ISLAMABAD: February 02, Spokesperson Ministry of Finance Muzzammil Aslam addressing in a press conference. APP

ISLAMABAD, Feb 2 (APP): The country’s trade deficit shrank by 30.19% to US$ 3.36 billion in January 2022 against the deficit of $4.8 billion in December 2021.

“Our import bill which was recorded at US$7.6 billion last month (December 2021) had declined to $5.9 bn in January, 2022, showing a decline of 22%,” Spokesman for the Finance Minister, Muzammil Aslam said while addressing a press conference here on Wednesday.

He said the exports also declined by 8% during the period under review but overall the trade deficit showed a big decline.

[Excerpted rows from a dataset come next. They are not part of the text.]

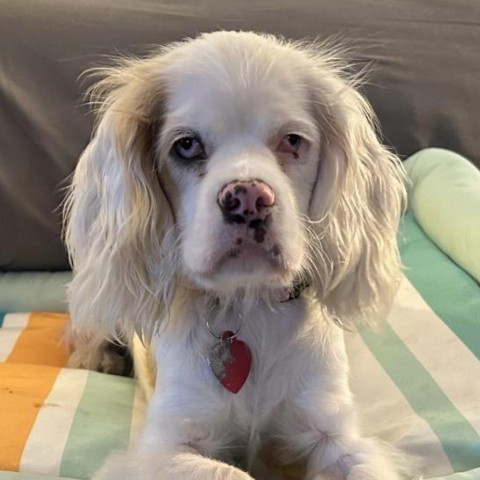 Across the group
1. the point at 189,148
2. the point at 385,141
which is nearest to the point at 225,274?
the point at 189,148

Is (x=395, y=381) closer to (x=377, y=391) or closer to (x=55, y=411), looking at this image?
(x=377, y=391)

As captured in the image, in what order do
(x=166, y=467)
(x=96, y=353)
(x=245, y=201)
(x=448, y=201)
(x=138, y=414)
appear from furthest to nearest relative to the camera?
(x=448, y=201), (x=96, y=353), (x=138, y=414), (x=166, y=467), (x=245, y=201)

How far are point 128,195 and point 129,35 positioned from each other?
28.3 inches

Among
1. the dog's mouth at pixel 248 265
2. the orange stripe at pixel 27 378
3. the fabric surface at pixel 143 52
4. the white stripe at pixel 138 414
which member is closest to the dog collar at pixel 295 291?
the dog's mouth at pixel 248 265

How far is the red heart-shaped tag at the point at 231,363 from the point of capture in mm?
1073

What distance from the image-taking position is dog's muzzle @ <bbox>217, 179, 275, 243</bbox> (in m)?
0.89

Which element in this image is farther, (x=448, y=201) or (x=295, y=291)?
(x=448, y=201)

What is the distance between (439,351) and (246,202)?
0.49 metres

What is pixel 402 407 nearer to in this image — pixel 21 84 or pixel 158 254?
pixel 158 254

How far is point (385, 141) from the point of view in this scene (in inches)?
69.2

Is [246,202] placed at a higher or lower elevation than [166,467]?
higher

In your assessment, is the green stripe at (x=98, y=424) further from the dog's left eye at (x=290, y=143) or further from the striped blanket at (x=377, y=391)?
the dog's left eye at (x=290, y=143)

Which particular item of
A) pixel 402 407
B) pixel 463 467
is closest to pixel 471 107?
pixel 402 407

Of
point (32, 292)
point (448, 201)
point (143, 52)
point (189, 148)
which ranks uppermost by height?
point (189, 148) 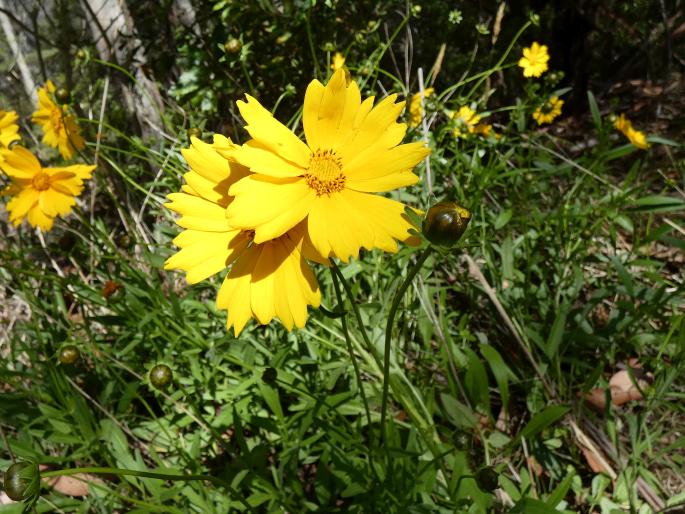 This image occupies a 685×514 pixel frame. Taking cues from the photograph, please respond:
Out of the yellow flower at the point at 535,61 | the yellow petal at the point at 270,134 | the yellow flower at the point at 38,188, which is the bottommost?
the yellow petal at the point at 270,134

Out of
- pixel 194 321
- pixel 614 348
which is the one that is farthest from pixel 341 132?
pixel 614 348

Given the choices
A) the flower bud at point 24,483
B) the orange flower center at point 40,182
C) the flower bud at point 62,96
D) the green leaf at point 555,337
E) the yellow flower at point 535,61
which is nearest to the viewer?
the flower bud at point 24,483

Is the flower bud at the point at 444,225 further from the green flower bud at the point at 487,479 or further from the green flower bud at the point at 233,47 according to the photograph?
the green flower bud at the point at 233,47

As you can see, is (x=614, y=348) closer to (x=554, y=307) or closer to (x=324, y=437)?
(x=554, y=307)

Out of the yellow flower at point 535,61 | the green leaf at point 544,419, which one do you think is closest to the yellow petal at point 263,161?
the green leaf at point 544,419

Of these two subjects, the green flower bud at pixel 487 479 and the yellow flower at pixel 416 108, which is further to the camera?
the yellow flower at pixel 416 108

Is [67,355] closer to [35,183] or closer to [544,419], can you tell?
[35,183] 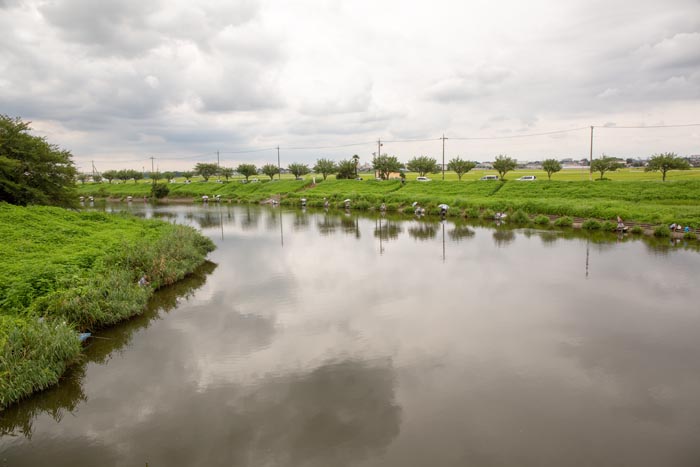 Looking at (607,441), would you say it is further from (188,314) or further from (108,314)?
(108,314)

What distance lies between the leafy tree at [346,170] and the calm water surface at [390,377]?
49.4 meters

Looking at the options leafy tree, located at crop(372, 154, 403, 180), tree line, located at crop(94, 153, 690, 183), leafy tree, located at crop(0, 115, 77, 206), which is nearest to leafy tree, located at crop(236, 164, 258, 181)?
tree line, located at crop(94, 153, 690, 183)

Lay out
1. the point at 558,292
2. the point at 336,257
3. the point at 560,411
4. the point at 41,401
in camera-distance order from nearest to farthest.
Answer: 1. the point at 560,411
2. the point at 41,401
3. the point at 558,292
4. the point at 336,257

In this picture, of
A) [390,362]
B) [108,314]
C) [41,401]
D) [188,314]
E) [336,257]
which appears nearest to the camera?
[41,401]

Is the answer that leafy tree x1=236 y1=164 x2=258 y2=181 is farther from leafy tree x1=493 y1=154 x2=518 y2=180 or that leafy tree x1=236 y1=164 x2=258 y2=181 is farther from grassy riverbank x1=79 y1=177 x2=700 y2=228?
leafy tree x1=493 y1=154 x2=518 y2=180

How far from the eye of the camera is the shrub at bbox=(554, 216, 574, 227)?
91.6 feet

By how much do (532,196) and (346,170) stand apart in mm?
32741

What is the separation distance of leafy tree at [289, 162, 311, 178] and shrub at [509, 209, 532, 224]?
48.4 meters

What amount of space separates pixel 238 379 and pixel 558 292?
1103 cm

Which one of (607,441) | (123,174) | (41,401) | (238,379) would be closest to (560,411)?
(607,441)

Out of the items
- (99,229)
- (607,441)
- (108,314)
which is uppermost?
(99,229)

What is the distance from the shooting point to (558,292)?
14.1 metres

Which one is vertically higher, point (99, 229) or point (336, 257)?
point (99, 229)

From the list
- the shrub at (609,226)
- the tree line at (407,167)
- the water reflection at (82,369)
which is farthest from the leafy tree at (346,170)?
the water reflection at (82,369) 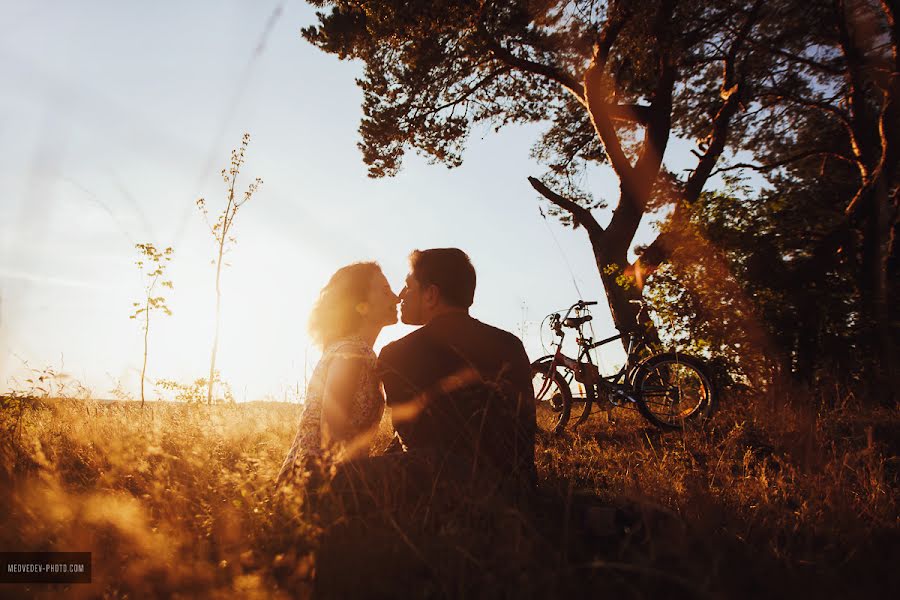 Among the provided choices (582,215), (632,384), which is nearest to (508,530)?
(632,384)

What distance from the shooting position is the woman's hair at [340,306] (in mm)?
3553

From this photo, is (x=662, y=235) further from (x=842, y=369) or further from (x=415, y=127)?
(x=415, y=127)

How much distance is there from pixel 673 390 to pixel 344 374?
4709 millimetres

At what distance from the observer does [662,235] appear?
711 cm

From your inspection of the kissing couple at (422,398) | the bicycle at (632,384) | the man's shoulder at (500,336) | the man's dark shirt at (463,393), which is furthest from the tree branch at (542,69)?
the man's dark shirt at (463,393)

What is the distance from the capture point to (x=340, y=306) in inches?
140

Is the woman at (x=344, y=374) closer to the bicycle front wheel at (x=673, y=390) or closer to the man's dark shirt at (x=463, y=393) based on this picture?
the man's dark shirt at (x=463, y=393)

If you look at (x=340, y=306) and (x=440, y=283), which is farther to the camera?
(x=340, y=306)


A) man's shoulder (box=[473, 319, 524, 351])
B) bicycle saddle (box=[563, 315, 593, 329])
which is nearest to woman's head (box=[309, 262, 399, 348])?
man's shoulder (box=[473, 319, 524, 351])

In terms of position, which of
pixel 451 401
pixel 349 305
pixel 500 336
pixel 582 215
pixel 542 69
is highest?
pixel 542 69

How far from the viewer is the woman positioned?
10.2 ft

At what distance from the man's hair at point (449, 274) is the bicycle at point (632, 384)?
2.55 meters

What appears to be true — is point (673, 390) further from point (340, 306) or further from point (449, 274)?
point (340, 306)

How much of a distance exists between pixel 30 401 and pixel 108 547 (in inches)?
147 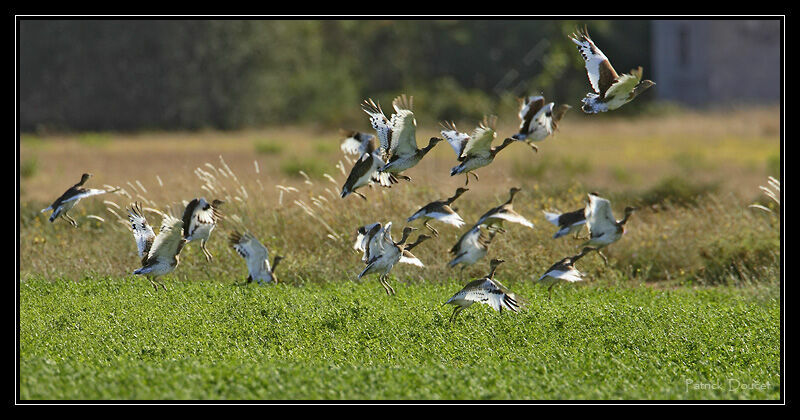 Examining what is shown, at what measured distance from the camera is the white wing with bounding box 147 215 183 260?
1027cm

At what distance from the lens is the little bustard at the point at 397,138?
945 cm

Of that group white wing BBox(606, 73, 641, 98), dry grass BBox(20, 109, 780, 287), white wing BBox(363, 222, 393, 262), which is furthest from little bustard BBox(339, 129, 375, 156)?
dry grass BBox(20, 109, 780, 287)

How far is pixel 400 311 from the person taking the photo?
468 inches

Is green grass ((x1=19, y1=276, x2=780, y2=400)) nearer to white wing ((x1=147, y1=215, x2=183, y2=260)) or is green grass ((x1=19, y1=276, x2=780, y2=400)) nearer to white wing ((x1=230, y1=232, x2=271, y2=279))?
white wing ((x1=230, y1=232, x2=271, y2=279))

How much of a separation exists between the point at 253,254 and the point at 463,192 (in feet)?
10.9

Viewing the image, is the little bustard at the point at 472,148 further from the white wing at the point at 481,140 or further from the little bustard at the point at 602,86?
the little bustard at the point at 602,86

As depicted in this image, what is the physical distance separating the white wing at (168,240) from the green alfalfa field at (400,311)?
0.59 metres

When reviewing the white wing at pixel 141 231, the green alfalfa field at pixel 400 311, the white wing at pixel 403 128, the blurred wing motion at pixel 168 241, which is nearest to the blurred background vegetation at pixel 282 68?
the green alfalfa field at pixel 400 311

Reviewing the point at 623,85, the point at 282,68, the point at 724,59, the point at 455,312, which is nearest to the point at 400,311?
the point at 455,312

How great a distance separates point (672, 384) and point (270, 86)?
37.9 m

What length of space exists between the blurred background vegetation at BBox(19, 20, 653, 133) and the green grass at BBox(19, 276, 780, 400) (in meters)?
28.4

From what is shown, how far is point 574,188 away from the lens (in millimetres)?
17578

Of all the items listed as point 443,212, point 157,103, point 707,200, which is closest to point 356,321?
point 443,212

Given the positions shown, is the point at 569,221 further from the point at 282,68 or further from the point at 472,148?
the point at 282,68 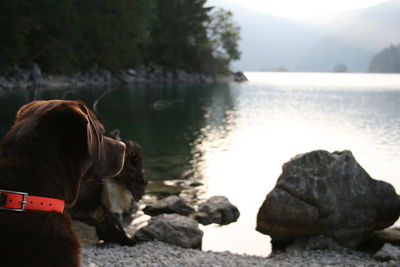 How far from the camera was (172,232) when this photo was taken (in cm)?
897

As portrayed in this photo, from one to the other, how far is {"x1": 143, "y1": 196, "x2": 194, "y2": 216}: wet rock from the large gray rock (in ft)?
7.23

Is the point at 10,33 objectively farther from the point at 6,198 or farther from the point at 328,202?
the point at 6,198

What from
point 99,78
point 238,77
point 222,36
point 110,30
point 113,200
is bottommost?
point 113,200

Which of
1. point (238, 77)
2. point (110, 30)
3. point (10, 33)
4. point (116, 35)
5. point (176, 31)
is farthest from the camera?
point (238, 77)

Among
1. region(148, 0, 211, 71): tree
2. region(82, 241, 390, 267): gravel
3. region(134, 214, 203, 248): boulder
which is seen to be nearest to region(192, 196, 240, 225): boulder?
region(134, 214, 203, 248): boulder

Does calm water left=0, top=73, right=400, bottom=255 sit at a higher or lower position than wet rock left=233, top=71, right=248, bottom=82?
lower

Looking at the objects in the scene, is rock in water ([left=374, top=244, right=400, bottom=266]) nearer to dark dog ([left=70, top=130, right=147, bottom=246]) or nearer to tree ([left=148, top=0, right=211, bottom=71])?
dark dog ([left=70, top=130, right=147, bottom=246])

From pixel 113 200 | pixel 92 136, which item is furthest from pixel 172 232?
pixel 92 136

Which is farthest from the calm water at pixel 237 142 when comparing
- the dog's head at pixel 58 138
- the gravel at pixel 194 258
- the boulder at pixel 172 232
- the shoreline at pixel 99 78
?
the shoreline at pixel 99 78

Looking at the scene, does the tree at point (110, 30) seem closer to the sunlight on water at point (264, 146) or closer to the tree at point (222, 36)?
the tree at point (222, 36)

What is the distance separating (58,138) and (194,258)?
525 centimetres

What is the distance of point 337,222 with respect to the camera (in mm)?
9094

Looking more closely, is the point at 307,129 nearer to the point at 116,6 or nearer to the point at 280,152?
the point at 280,152

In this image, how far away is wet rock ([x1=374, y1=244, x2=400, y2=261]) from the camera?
7797mm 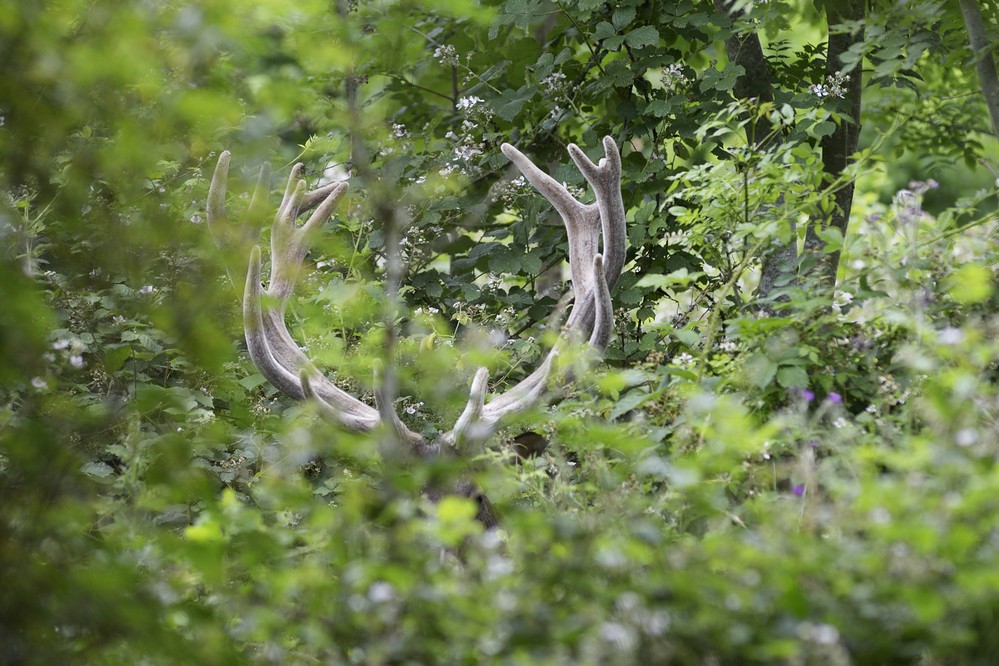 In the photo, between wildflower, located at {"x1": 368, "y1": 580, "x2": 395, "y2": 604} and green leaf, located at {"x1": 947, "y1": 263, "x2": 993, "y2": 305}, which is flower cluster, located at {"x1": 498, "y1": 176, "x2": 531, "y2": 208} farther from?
wildflower, located at {"x1": 368, "y1": 580, "x2": 395, "y2": 604}

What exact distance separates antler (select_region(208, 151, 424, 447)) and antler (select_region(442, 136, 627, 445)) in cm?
21

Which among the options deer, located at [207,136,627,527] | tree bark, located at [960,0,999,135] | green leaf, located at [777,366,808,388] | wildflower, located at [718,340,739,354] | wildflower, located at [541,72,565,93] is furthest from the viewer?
wildflower, located at [541,72,565,93]

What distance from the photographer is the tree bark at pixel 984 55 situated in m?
3.13

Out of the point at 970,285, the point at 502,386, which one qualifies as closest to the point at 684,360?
the point at 970,285

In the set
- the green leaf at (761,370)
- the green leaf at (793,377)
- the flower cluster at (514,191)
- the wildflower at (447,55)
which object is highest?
the green leaf at (793,377)

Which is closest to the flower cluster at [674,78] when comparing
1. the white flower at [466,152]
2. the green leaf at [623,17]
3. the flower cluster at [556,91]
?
the green leaf at [623,17]

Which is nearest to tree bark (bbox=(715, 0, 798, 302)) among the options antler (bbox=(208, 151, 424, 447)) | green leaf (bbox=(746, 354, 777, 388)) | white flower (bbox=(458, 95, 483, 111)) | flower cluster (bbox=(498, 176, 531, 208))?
flower cluster (bbox=(498, 176, 531, 208))

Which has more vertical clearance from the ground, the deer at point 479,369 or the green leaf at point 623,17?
the green leaf at point 623,17

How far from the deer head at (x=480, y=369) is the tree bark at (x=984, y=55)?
45.2 inches

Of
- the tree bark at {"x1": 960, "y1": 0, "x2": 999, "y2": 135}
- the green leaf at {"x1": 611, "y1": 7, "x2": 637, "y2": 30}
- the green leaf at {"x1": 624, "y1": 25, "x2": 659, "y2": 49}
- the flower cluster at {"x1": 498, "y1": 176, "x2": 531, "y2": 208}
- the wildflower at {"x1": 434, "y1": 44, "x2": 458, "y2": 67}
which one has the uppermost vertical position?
the tree bark at {"x1": 960, "y1": 0, "x2": 999, "y2": 135}

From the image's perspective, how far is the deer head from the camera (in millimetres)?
2871

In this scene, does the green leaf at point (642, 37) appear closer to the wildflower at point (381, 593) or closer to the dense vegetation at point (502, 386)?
the dense vegetation at point (502, 386)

On year-on-year basis, Pakistan’s exports witnessed increase of 18.7% as it rose to $2.54 billion in January this year compared to $2.1 billion in same month of previous year. The imports during the month also increased by 23% to $5.9 billion from $4.8 billion in January 2021 while the trade deficit during the corresponding period rose by 26% .

On average, the exports during first seven months (Jul-Jan) of fiscal year 2021-22 surged to $17.7 billion against $14.255 billion in same period of previous year, showing an increase of 24%.

The imports also rose to $46 billion from $29.2 billion in Jul-Jan (2020-21) showing an increase of 58%. Whereas the trade deficit rose sharply to $28 billion during the period under review, thus showing an increase of 92%.

Muzammil Aslam said during previous few months, the unprecedented increase in the import bill was mainly due to import of COVID vaccine, sugar, and wheat. He however said that since these commodities would not be imported now so there would not be any sudden increase in the imports.

He said at present the country had surplus stock of sugar and wheat, so there was no need of their import.
Further he said the inflation in the country had reached at its peak now and it would decline in the months to come along with imports and trade deficit.

The spokesman said such situation was create in 2008 too when prices in the international market rose sharply but then government did a major mistake by depleting the country’s foreign exchange reserves to maintain the currency value.

On the other hand, he said that now due to rational approach especially by the State Bank of Pakistan (SBP), the country’s reserves did not went down which were on historical higher side and the exchange rate too did not lose its value as much as it was expected.

The spokesman said prices of perishable items in the country were on the declining trend, while unlike during the last year, wheat flour price was also stable this year. Similarly, prices of eggs, chicken, tomatoes, and fresh vegetables were also stable.

He said despite the historical crisis, the current government had to face in the shape of COVID pandemic and then hike in the the global inflation, the government managed to stabilize the key macroeconomic indicators.